La Transylvanie, quant à elle, a eu une histoire tout à fait différente. Tout d'abord cette région est à la base multi-ethnique. Très tôt s'y sont en effet installés des conquérants hongrois et de très nombreux colons allemands.

Ces derniers y ont fondé des villes, dominé le commerce, les sciences et le pouvoir politique, et ils ont constitué une communauté florissante qui vivait en vase clos, avec mariages endogames et conservation de leurs langue et religion. Pour eux, la Transylvanie s'appelle Siebenbürgen et leurs traces s'y retrouvent partout.

Après une présence multiséculaire, ces allemands de Transylvanie, qu'on appelait "Saxons", sont eux aussi partis en masse à la fin du régime communiste, pour aller repeupler l'Allemagne (sous le communisme, eux aussi étaient vendus à la RFA) et trouver une vie meilleure. Les Roumains, qui les enviaient et les admiraient, les regrettent souvent.

Au niveau politique, la Transylvanie a également eu un destin à part: hongroise, puis royaume vassal des Turcs, puis austro-hongroise, puis de nouveau hongroise, elle n'a été rattachée à la Roumanie qu'en 1918, après la fin de l'empire des Habsbourg.

La Transylvanie a été la plus riche région de Roumanie, la plus cultivée et la plus intégrée au monde, d'un point de vue économique et culturel. Deux exemples modernes: Bela Lugosi, l'acteur qui a donné son visage à Dracula, est un Hongrois de Transylvanie, et Johnny Weissmuller, le Tarzan le plus célèbre, est un Allemand de Transylvanie...

Conclusion: un pays multi culturel

Une autre communauté est à signaler en Roumanie, où elle est incontournable: les Rroms. Aujourd'hui ils représentent officieusement dans les 10% de la population roumaine, pays où ils ont une histoire bien spécifique.

Arrivés de l'Inde par l'Iran puis l'Anatolie, certains se sont établis en Roumanie, où ils ont fini par être réduits en esclavage, propriété des nobles ou des monastères, et ce jusqu'au milieu du XIXième siècle.

Ils sont restés majoritairement nomades jusqu'à l'avant-guerre, travaillant le cuir, vendant des chevaux, faisant des bijoux, animant des fêtes (ils étaient souvent montreurs d'ours notamment), avant que les communistes ne les sédentarisent de force, les obligeant à avoir un emploi, à aller à l'école, etc.

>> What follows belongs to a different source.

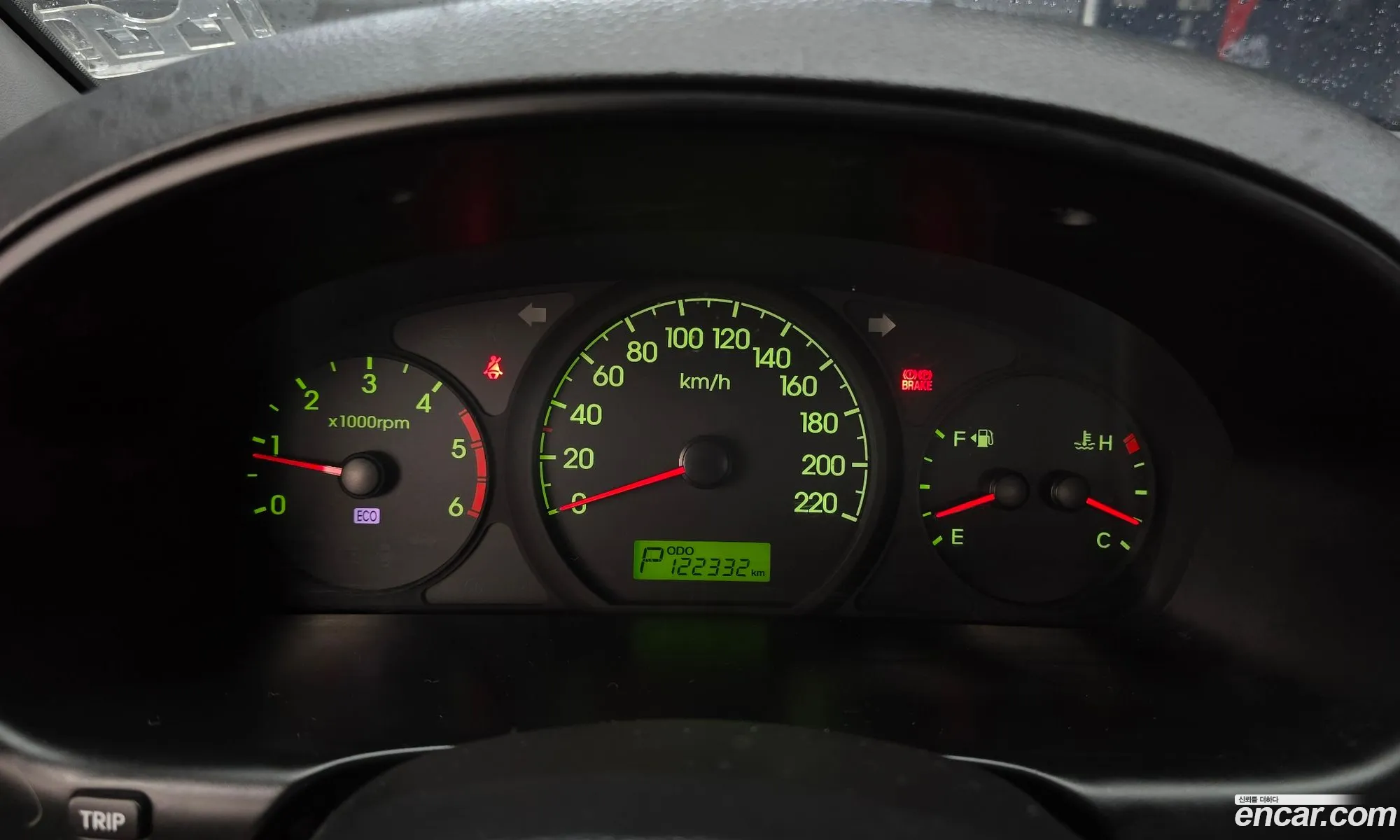 Hyundai Grand Starex 2012 — 21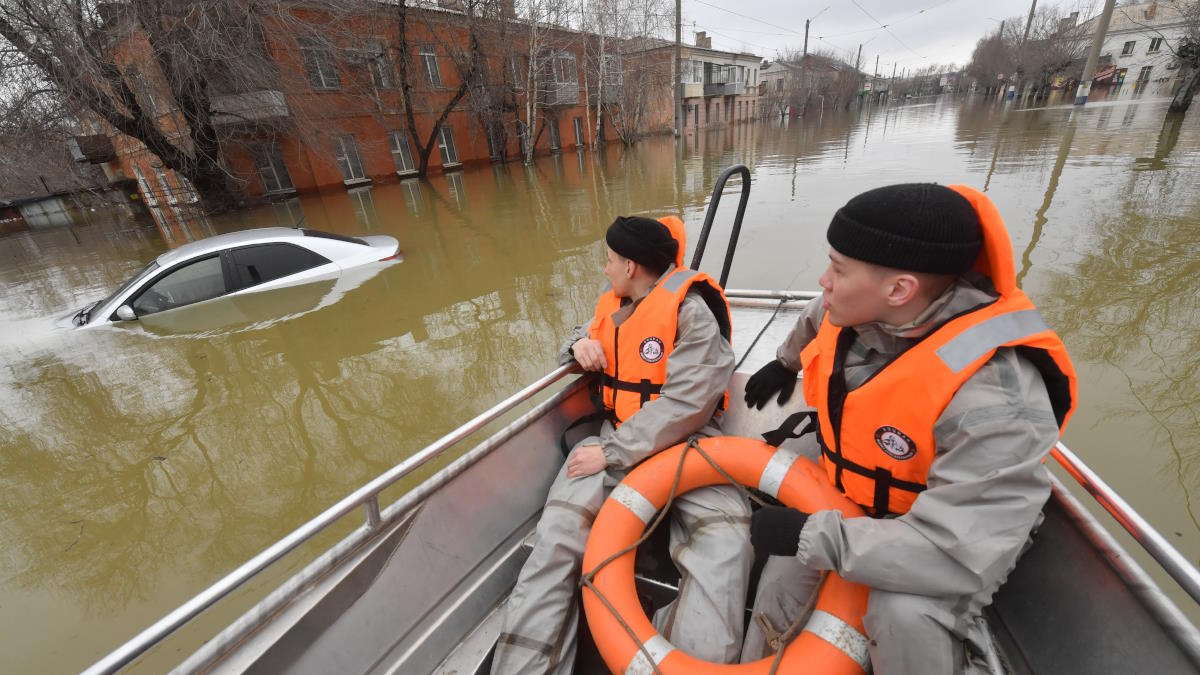 МЧС: уровень воды в Оренбургской области снизился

Tout cela s'est écroulé en 89, une grande partie d'entre eux retournant alors à un semi-nomadisme miséreux.

Leur place en Roumanie est ambigüe. Ils sont haïs, mais ultra présents dans la musique, dans le folklore, et si officiellement il n'y a pas mélange, beaucoup de visages roumains ont des traits sombres, et beaucoup de Tsiganes ne se reconnaissent qu'à leurs vêtements.

Par ailleurs, ils ont des représentants officiels au parlement, leur langue, d'origine sanscrit, est encore parlée et enseignée, etc. En tout cas, ils sont incontournables.

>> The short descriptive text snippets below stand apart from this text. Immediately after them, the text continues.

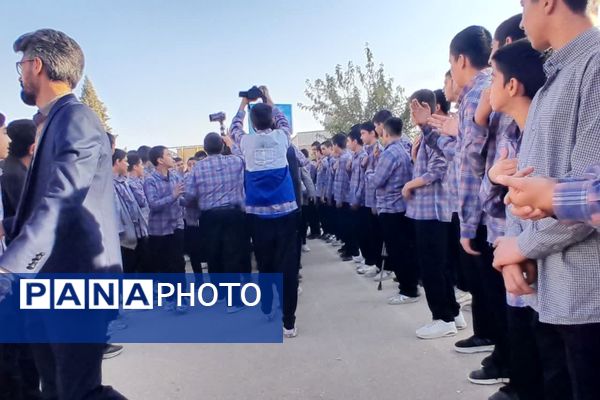 استقبال از شهید گمنام در دبیرستان معارف صدرا ولایت 
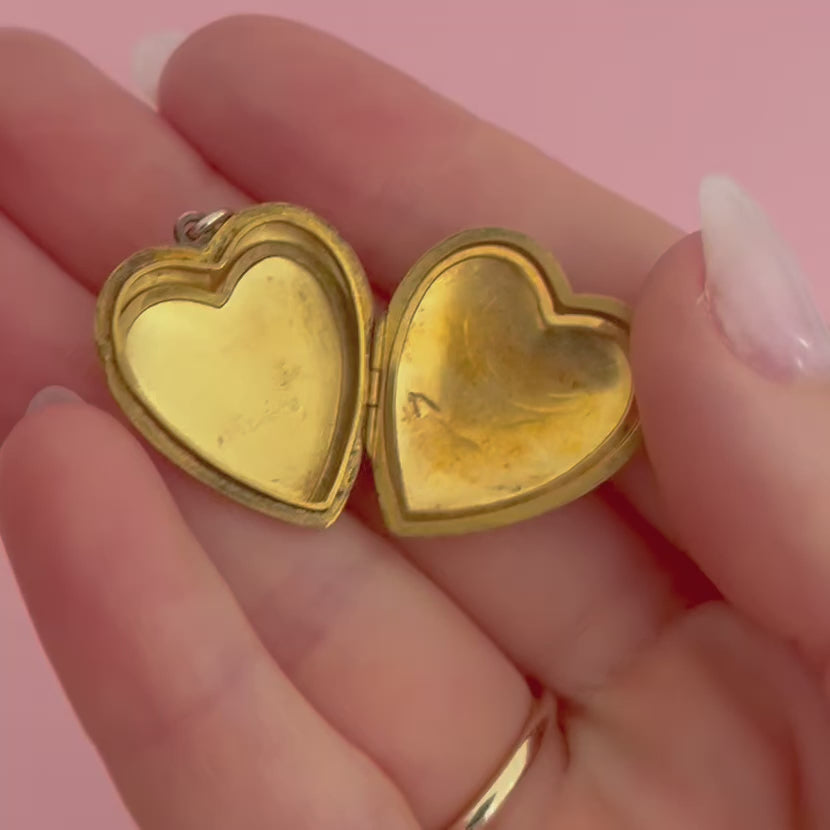 Collar Antiguo Victoriano de Oro Rosa de 9 ct con Guardapelo en Forma de Corazón, video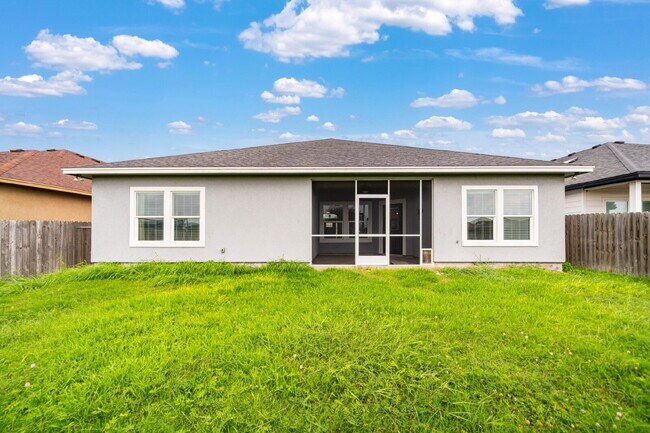 Building Photo - 3922 Pennine Way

Bon, ce point (finalement pas si petit que ça !) me paraissait important pour introduire les écrivains que je vais lister dans le post suivant: (Petit) aperçu de la littérature roumaine (2): quelques auteurs.


Post scriptum :

Un ami roumain m’a fait remarquer que ce post faisait l’impasse sur quantité d’événements importants de l’histoire du pays et donnait l’impression qu’en Roumanie les Roumains était finalement une sorte de minorité.

C’est tout à fait vrai.

Quand j’ai écrit cet article, je voulais juste donner un aperçu de ce pays pour en introduire les auteurs, et expliquer pourquoi la Roumanie a produit tant d’écrivains s’exprimant dans d’autres langues que celle du pays.

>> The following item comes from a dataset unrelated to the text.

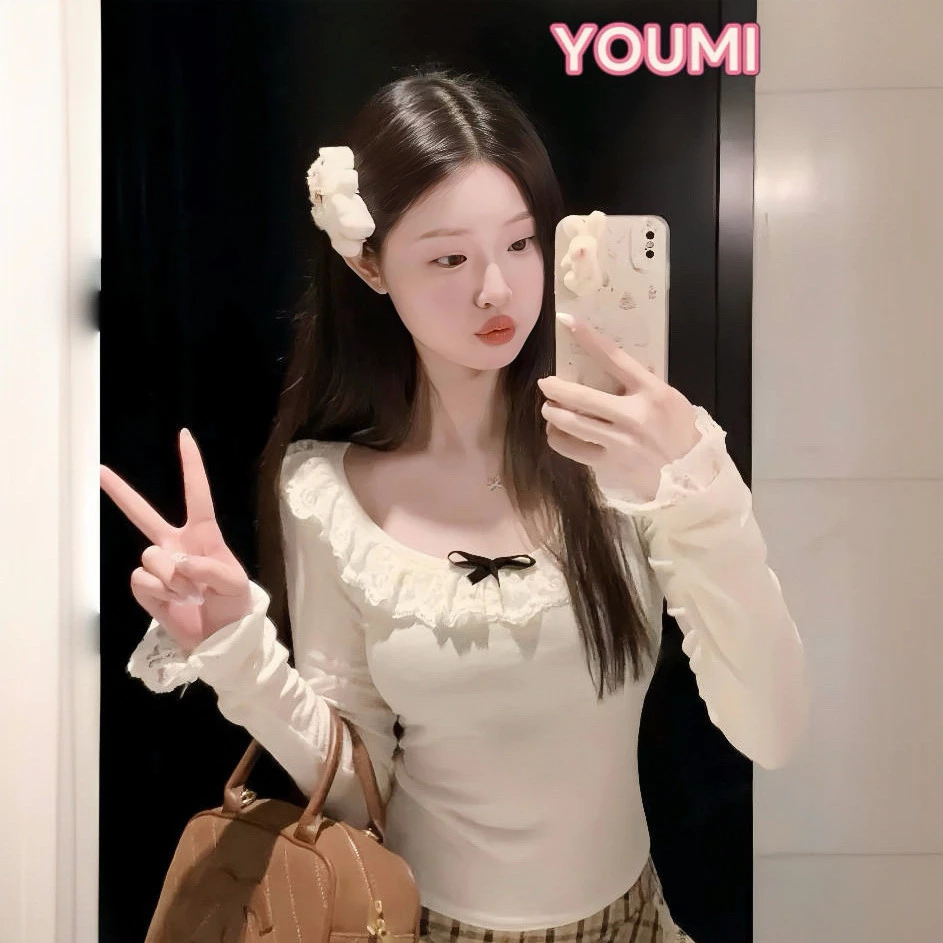 พร้อมส่ง เสื้อแขนยาวผู้หญิง เสื้อยืดเข้ารูป การออกแบบผ้าลูกไม้ปะติด สไตล์หวานน่ารัก ระบาย🌸YOUMI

Cette particularité est en effet très étonnante pour un pays jacobin comme la France, tout comme l’est l’existence de communautés reconnues par l’état et vivant dans leur langue et leurs espaces.

Et ce coup de projecteur n’enlève bien évidemment rien au fait que la Roumanie est d’abord l’état où vivent la majorité des Roumains, qui représentent presque 90% de la population totale, sont de langue roumaine et principalement de religion orthodoxe.

Je confirme donc que ce post est bien écrit sous l’angle particulier et réducteur du côté multiculturel de la Roumanie et qu’il ne faut pas le prendre pour autre chose, et surtout pas pour une histoire exhaustive du pays (pour laquelle il faudrait d’ailleurs bien plus d’un article !).